ちらっと時計を見る。普段ならまだ熟睡している時間。うーん、今朝は元気だなあ。仕方ない、娘が起きるなら母も起きないとね。半身を起こして娘を見る。娘はとても穏やかな寝顔をしていた。スヤスヤと寝息をたてている。
つまり、さっきの声は寝言だった。とてもはっきりとした寝言だった。
んん、よかった。せっかくの休みの朝だもの、もう少しゆっくりしていたい。ごろん、と横になる。
「おかあさん、おきあがって」
いや、娘起きてた。
娘の目が開く。まだ眠そうにとろんとしているけれど、これは起きるつもりの表情だ。毎朝見ているから母には分かる。

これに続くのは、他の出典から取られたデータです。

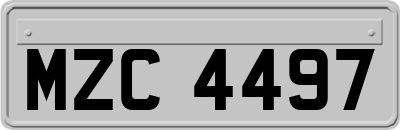 MZC4497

起きてもいいけど、本音を言うともう少し寝ててほしい。こういう、眠いのに起きようとしているときは変に話し掛けずに様子を見る。それが一番寝てくれやすい。
娘、眠いなら寝よ?まだ寝てていいんだよ。
黙って見つめ合うこと数秒。娘は瞼の重さに耐えきれなかったように目を閉じて……寝た。
朝のゆっくりタイム延長です!!よし!!
心の中でガッツポーズを決める。
今回の勝利の要因は何でしょう?
やはり相手をよく知っていることですね。相手を知っているからこそ最善の行動を選択できました。
脳内で勝者インタビューに答えながら娘の寝顔を堪能し――
「おかあさん、あさだよ」
直後、娘が目を開け起き上がった。
「おかあさん、わたし、おかかとこんぶのおにぎりたべる」
ピピー!ゆっくりタイム終了です!早い!早かった!
ガッツポーズごと崩れ落ちる。心の中で。
現時点で思い当たる敗因があれば教えてください。
ええ、やはり相手を知ったつもりになって最後に気が抜けたことでしょうか。一筋縄ではいかない相手なのはわかっていたつもりなんですけどね。今後も精進していきます。
――と脳内インタビューを0.5秒ほどで終わらせ起き上がる。
「うん、朝ごはんにしようね」
まだ少しぼーっとしている娘から離れ、キッチンで朝ごはんを作る。でも、朝ごはんの用意ができても、娘は起きてこなかった。
あれ?
どうしたんだろうと寝室を覗くと、娘はベッドの上で寝息をたてて寝ていた。
え?
さっき起きるって顔してたじゃん。そういうときは眠そうでも起きてきてたじゃん。――娘のこと、分かっているようでまだわかってないなあ。
そう思いながら、マイクを向けて来ようとした脳内インタビュアーには丁重にお引き取りいただいた。